## RECORDS SUPPLIED
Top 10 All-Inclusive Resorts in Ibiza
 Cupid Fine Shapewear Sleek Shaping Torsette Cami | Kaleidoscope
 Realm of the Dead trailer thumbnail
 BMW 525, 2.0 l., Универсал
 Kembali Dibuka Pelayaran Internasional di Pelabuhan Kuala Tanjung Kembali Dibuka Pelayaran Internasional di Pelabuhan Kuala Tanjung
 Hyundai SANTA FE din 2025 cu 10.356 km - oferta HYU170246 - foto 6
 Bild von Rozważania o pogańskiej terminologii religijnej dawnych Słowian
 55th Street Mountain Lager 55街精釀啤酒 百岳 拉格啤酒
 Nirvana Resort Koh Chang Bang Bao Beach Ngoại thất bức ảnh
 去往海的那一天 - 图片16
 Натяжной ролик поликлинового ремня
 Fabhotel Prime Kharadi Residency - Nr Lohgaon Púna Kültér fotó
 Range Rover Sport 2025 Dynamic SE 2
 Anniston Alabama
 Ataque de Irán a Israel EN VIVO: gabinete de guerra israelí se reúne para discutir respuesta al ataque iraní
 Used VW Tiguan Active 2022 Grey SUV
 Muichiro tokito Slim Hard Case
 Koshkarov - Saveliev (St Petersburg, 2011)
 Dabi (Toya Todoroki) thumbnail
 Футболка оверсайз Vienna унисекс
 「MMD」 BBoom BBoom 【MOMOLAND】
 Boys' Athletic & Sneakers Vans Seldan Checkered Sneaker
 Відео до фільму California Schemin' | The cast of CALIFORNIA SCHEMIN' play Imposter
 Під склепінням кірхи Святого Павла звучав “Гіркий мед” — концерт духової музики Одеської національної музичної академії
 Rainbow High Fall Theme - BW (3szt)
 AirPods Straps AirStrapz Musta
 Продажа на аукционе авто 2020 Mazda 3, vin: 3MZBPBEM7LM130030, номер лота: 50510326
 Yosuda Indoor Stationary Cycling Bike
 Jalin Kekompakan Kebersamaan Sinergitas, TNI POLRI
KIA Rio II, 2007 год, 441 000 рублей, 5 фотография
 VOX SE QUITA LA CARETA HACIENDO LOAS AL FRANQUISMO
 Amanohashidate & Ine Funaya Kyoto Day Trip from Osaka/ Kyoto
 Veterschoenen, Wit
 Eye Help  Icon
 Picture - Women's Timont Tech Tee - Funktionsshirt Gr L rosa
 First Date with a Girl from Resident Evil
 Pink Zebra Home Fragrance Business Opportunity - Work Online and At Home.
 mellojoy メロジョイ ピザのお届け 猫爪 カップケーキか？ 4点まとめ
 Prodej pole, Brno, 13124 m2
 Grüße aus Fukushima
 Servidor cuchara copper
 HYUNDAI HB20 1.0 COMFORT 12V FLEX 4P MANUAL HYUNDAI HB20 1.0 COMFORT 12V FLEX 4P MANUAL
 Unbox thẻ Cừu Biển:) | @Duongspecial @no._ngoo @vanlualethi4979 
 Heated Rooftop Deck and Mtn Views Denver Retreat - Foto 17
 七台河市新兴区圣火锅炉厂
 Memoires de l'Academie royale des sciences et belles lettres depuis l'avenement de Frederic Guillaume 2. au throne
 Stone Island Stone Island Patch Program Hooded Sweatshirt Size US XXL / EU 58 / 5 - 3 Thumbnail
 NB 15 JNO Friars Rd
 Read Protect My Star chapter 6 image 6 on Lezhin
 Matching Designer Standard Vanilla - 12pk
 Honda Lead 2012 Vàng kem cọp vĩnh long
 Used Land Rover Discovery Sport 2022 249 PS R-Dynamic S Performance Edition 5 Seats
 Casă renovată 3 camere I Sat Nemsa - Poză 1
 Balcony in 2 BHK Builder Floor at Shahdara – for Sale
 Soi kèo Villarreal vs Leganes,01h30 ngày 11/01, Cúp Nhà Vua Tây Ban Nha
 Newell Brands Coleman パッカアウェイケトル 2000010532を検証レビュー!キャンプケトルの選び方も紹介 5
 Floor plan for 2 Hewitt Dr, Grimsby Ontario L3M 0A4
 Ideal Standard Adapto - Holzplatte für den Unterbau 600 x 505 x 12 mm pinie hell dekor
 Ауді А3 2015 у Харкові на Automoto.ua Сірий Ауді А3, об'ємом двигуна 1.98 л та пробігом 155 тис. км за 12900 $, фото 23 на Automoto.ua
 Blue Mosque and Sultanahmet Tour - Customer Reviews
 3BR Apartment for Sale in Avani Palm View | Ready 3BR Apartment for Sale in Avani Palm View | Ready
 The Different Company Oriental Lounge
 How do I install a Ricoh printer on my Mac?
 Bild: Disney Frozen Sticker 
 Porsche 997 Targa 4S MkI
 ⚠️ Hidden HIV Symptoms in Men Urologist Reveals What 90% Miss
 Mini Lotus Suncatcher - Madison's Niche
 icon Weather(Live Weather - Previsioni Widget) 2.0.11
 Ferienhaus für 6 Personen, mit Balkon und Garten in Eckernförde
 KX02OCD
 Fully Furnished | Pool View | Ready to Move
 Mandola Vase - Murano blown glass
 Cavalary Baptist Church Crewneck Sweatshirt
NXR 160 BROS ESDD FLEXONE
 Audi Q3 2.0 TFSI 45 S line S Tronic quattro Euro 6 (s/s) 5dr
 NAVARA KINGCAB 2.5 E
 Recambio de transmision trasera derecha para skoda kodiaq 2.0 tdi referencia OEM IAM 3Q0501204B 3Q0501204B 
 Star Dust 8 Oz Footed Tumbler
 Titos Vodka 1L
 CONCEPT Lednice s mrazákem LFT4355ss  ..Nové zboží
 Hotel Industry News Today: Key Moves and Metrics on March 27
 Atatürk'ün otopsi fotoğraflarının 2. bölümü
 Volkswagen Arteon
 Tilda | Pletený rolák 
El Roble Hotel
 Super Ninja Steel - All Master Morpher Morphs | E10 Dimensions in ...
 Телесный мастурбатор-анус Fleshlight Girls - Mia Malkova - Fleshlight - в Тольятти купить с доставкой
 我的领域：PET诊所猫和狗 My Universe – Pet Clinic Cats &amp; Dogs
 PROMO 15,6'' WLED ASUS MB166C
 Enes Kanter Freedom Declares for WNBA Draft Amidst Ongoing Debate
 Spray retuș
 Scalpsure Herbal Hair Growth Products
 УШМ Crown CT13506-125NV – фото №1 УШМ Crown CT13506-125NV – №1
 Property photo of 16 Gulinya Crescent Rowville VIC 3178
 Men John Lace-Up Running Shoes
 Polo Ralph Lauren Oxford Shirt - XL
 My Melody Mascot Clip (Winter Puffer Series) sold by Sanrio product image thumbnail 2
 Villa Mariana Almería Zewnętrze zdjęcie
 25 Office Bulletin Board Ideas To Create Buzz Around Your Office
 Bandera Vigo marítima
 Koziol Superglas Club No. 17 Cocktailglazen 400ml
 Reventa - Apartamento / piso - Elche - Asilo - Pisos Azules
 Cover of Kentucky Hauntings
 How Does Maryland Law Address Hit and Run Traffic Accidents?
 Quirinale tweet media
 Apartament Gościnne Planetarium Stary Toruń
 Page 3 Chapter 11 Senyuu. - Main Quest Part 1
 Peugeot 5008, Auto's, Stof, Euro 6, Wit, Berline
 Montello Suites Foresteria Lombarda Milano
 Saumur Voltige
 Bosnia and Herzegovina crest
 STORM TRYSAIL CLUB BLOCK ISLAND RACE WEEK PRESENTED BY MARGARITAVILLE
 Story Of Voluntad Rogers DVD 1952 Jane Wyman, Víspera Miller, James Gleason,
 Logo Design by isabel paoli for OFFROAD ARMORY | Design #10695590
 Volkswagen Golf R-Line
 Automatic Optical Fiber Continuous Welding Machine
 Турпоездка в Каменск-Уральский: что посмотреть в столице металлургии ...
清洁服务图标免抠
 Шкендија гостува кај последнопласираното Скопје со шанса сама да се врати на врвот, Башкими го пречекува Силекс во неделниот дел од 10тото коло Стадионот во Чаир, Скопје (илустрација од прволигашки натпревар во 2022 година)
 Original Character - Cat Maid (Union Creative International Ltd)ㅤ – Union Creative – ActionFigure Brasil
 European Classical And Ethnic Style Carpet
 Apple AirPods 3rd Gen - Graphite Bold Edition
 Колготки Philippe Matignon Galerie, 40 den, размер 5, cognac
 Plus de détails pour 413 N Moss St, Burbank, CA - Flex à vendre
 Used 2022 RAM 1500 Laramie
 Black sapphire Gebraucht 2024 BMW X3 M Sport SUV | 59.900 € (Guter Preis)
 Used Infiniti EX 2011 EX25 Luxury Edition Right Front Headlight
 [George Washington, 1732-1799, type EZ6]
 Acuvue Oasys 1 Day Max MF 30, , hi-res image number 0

## DIRECTIONS FOR THIS TASK
Both the first line of the data above and the line with "Anniston Alabama" must be included; please return exactly those lines and the ones between them.

## ANSWER SPACE
Top 10 All-Inclusive Resorts in Ibiza
 Cupid Fine Shapewear Sleek Shaping Torsette Cami | Kaleidoscope
 Realm of the Dead trailer thumbnail
 BMW 525, 2.0 l., Универсал
 Kembali Dibuka Pelayaran Internasional di Pelabuhan Kuala Tanjung Kembali Dibuka Pelayaran Internasional di Pelabuhan Kuala Tanjung
 Hyundai SANTA FE din 2025 cu 10.356 km - oferta HYU170246 - foto 6
 Bild von Rozważania o pogańskiej terminologii religijnej dawnych Słowian
 55th Street Mountain Lager 55街精釀啤酒 百岳 拉格啤酒
 Nirvana Resort Koh Chang Bang Bao Beach Ngoại thất bức ảnh
 去往海的那一天 - 图片16
 Натяжной ролик поликлинового ремня
 Fabhotel Prime Kharadi Residency - Nr Lohgaon Púna Kültér fotó
 Range Rover Sport 2025 Dynamic SE 2
 Anniston Alabama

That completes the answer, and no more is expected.